▶ **AVAILABLE DATA**
§ §

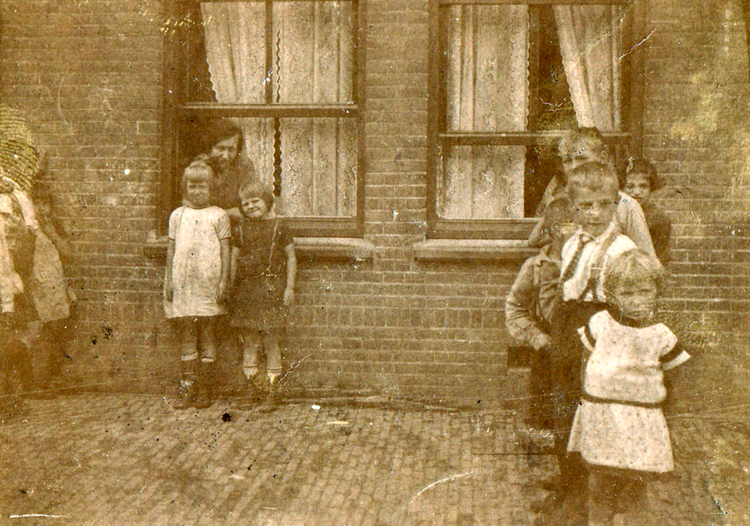 2. ca. 1924, Ternatestraat 40 volgens tekst acherzijde maar waarschijnlijker is Javaplein 36. In en bij het raam Greet (1901), linksvoor Jacoba (1918), rechtvoor Cor (1920), allen Battermann. .<br />Foto: Ruud van der Sluis 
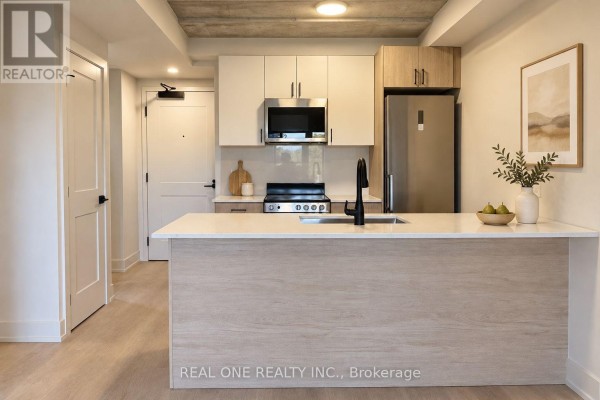 Kitchen - 404 - 810 King Street W, Hamilton, ON L8S0A7 Photo 3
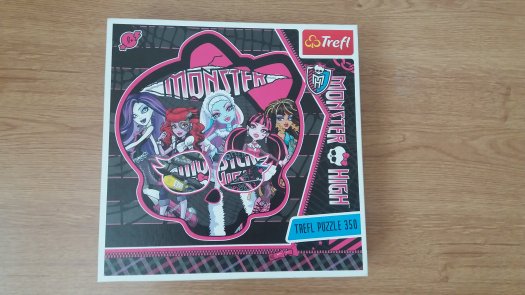 Puzzle Monster High v tvare lebky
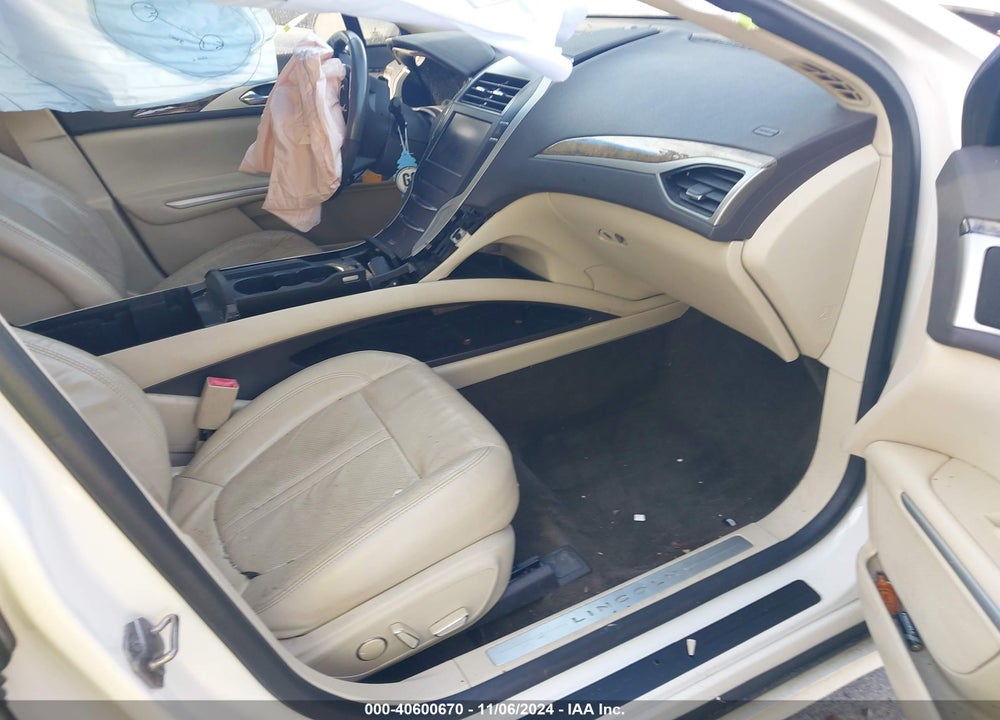 2013 LINCOLN MKZ VIN: 3LN6L2GK0DR811089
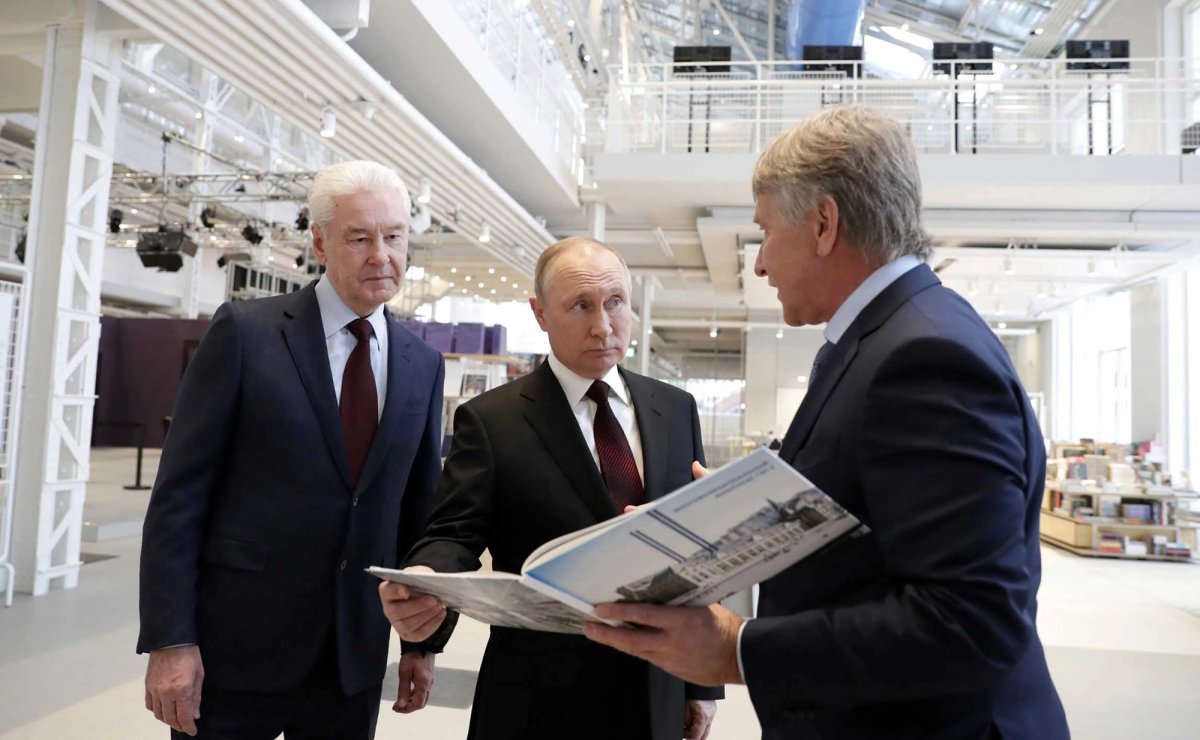 The mayor of Moscow (left) and President Putin at GES-2 with the art centre’s founder Leonid Mikhelson
Photo: Kremlin.ru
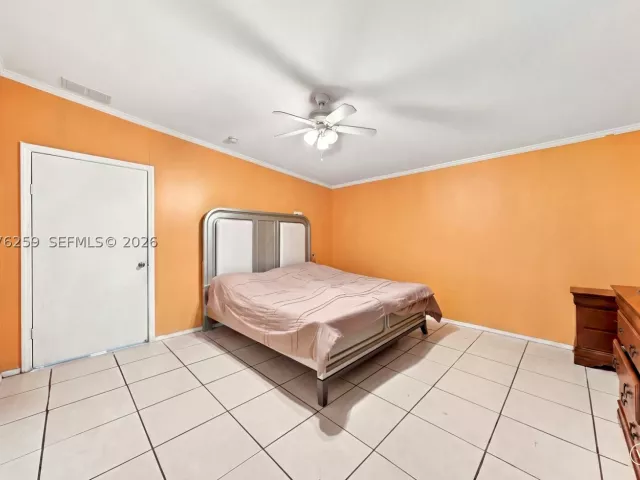 Продажа дома по адресу 6241 NW 1st Pl - фото 9374132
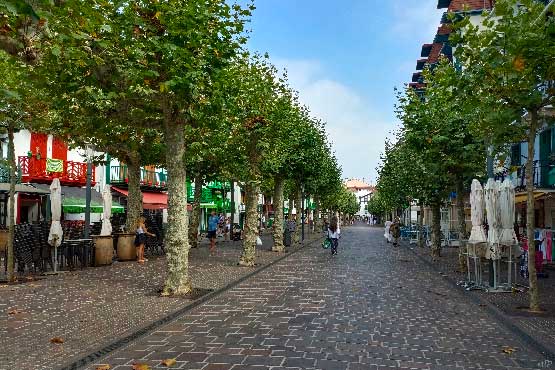 photos-urbaines-rue-piétonne-Fontarrabie-espagne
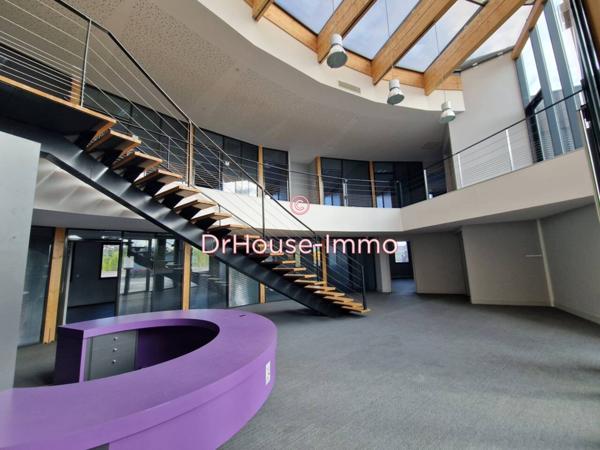 Bureau à vendre 25 pièces de 1 130 m²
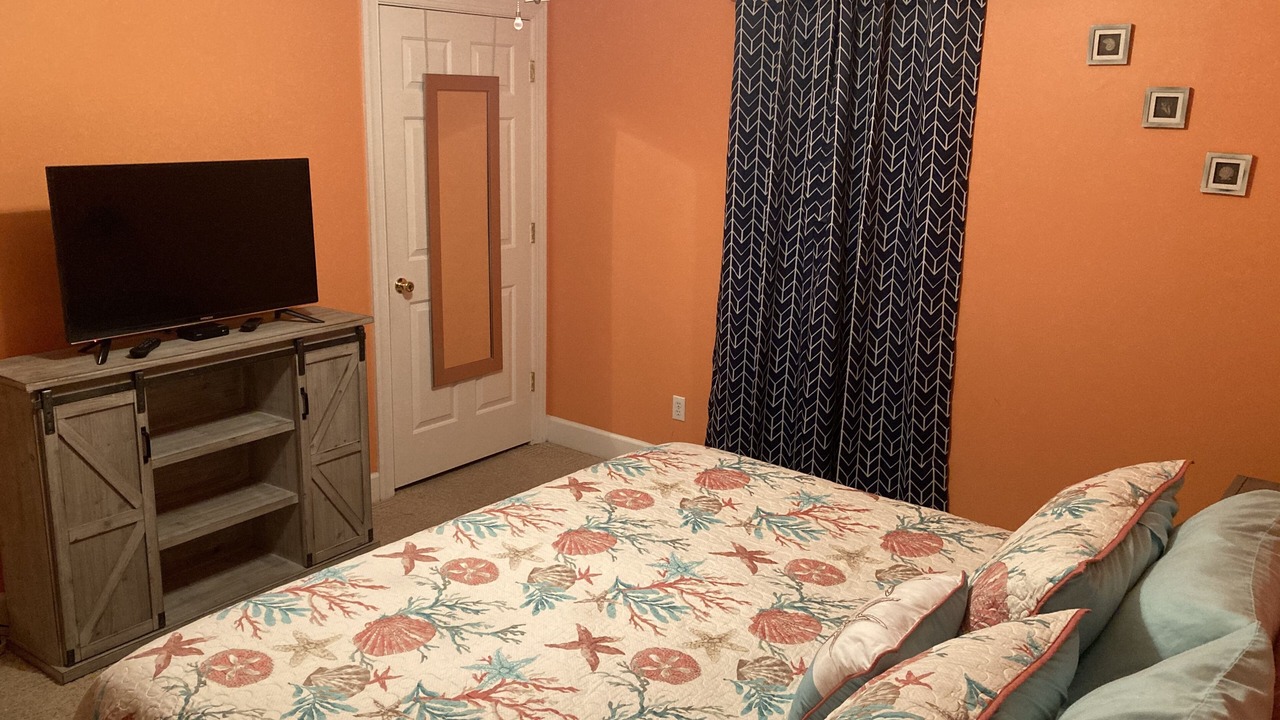 Photo of Bedroom in Long Beach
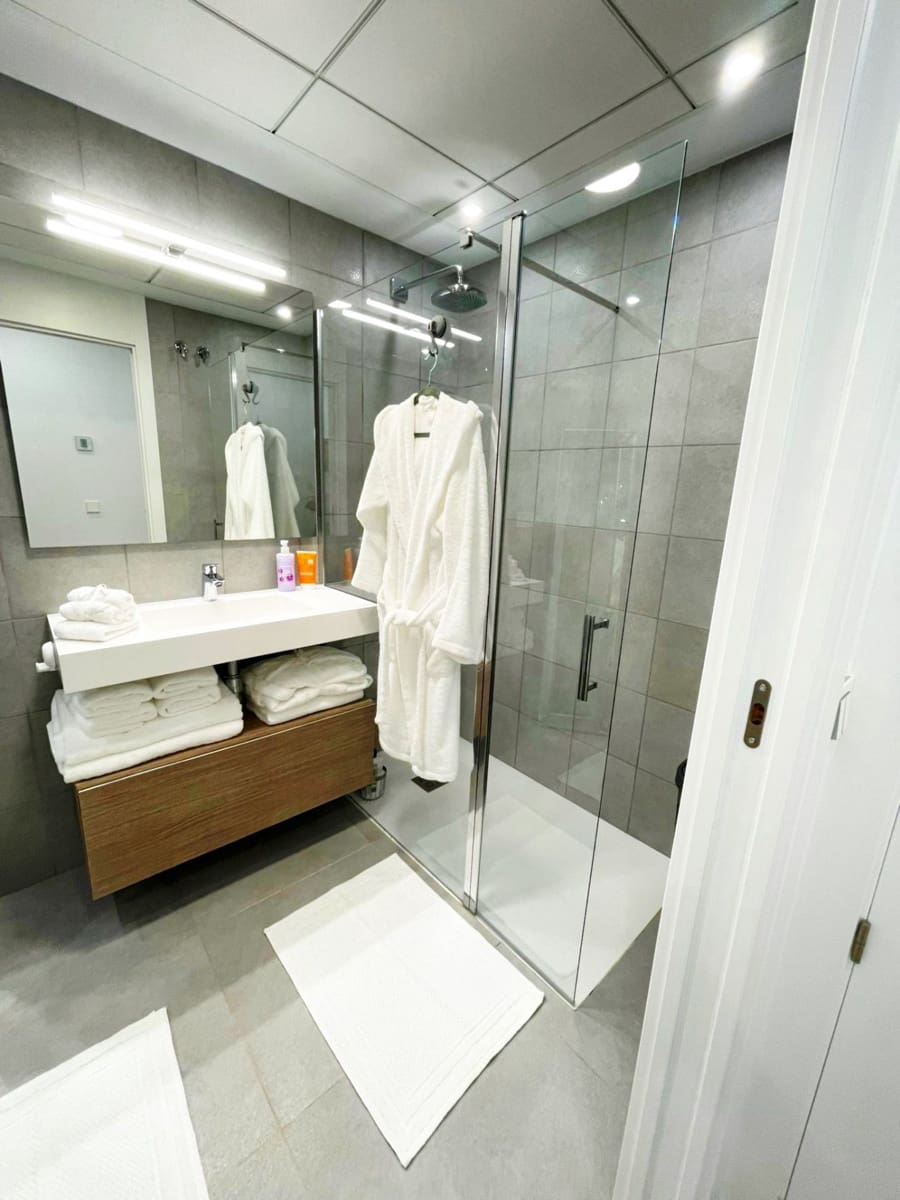 3 slaapkamer Appartement te huur in La Villajoyosa / Vila Joiosa met zwembad garage - € 2.400 (Ref: 9400297)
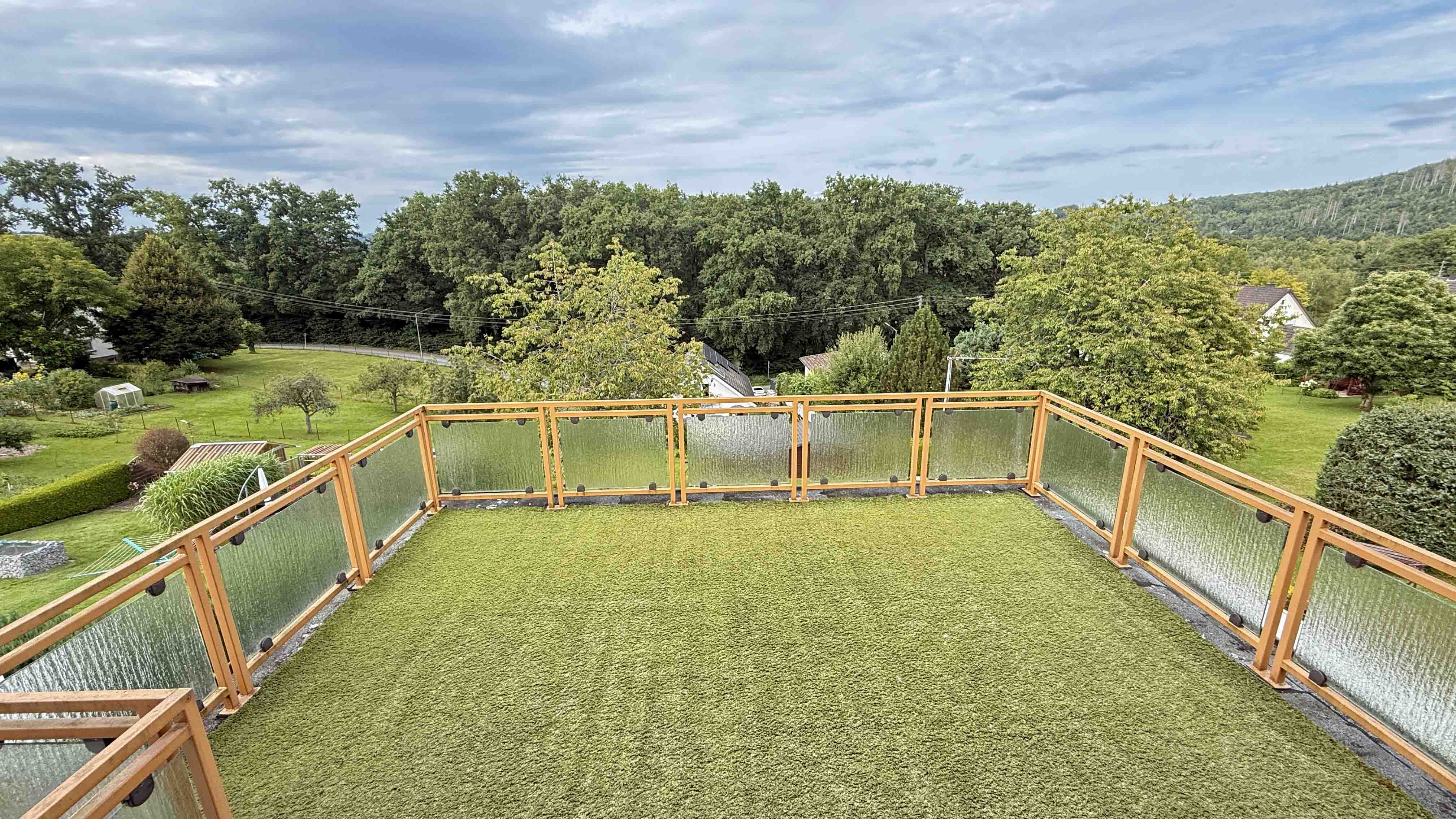 379 2-442 - Wissen: Älteres EFH mit Garten, Garage und Dachterrasse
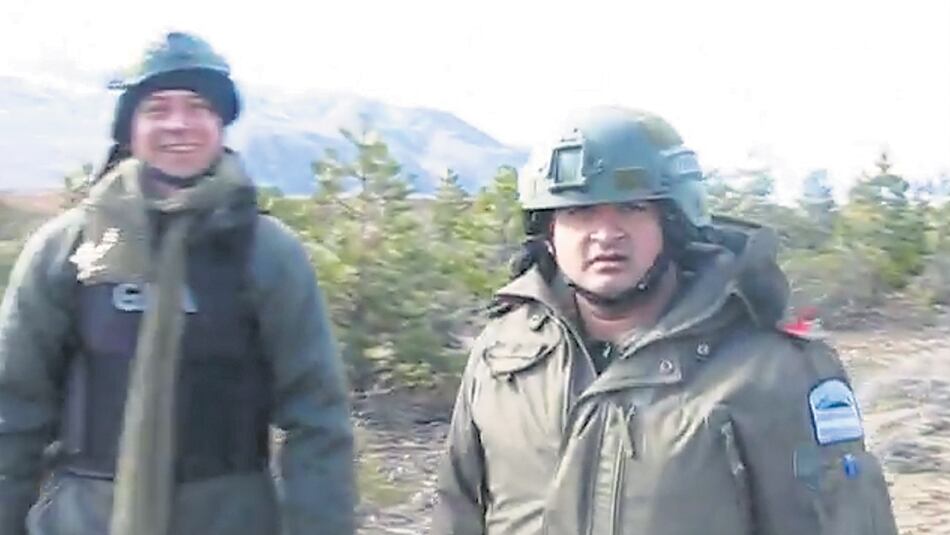 Una imagen de gendarmes tras la represión a los mapuches de uno de los dos videos encontrados en sus teléfonos.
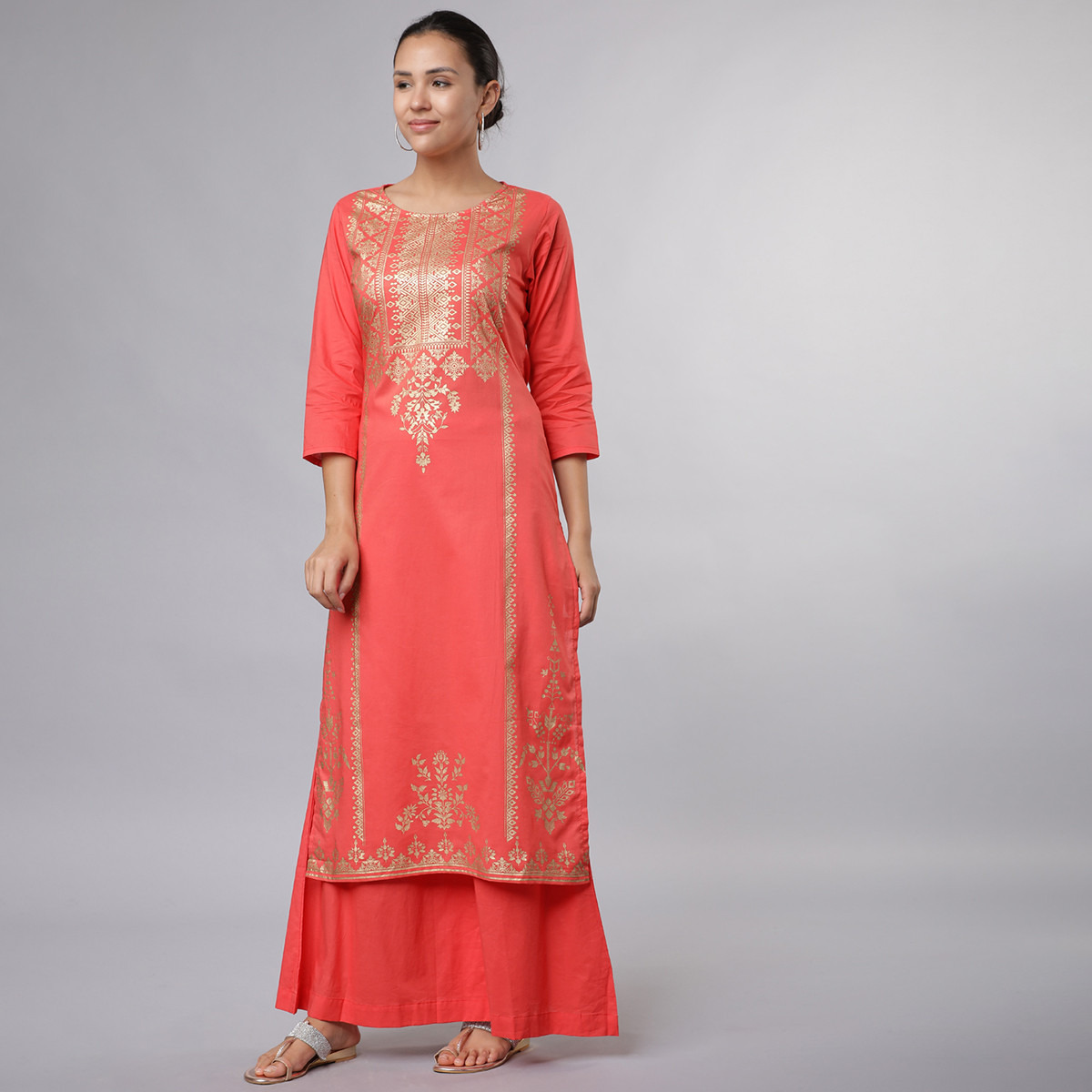 مجموعة من قطعتين كورتا للنساء مطبوعة برقبة دائرية بلون وردي مع بالازو من فيشوده-women-clothing-ethnicwear-salwarsuits-image-2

§ §

▶ **TASK OBJECTIVE**
Leave the pictures out and reproduce exactly the lines from the top of the listing above through the line with "2013 LINCOLN MKZ VIN: 3LN6L2GK0DR811089".

▶ **RESPONSE TO THIS TASK**
 2. ca. 1924, Ternatestraat 40 volgens tekst acherzijde maar waarschijnlijker is Javaplein 36. In en bij het raam Greet (1901), linksvoor Jacoba (1918), rechtvoor Cor (1920), allen Battermann. .<br />Foto: Ruud van der Sluis 
 Kitchen - 404 - 810 King Street W, Hamilton, ON L8S0A7 Photo 3
 Puzzle Monster High v tvare lebky
 2013 LINCOLN MKZ VIN: 3LN6L2GK0DR811089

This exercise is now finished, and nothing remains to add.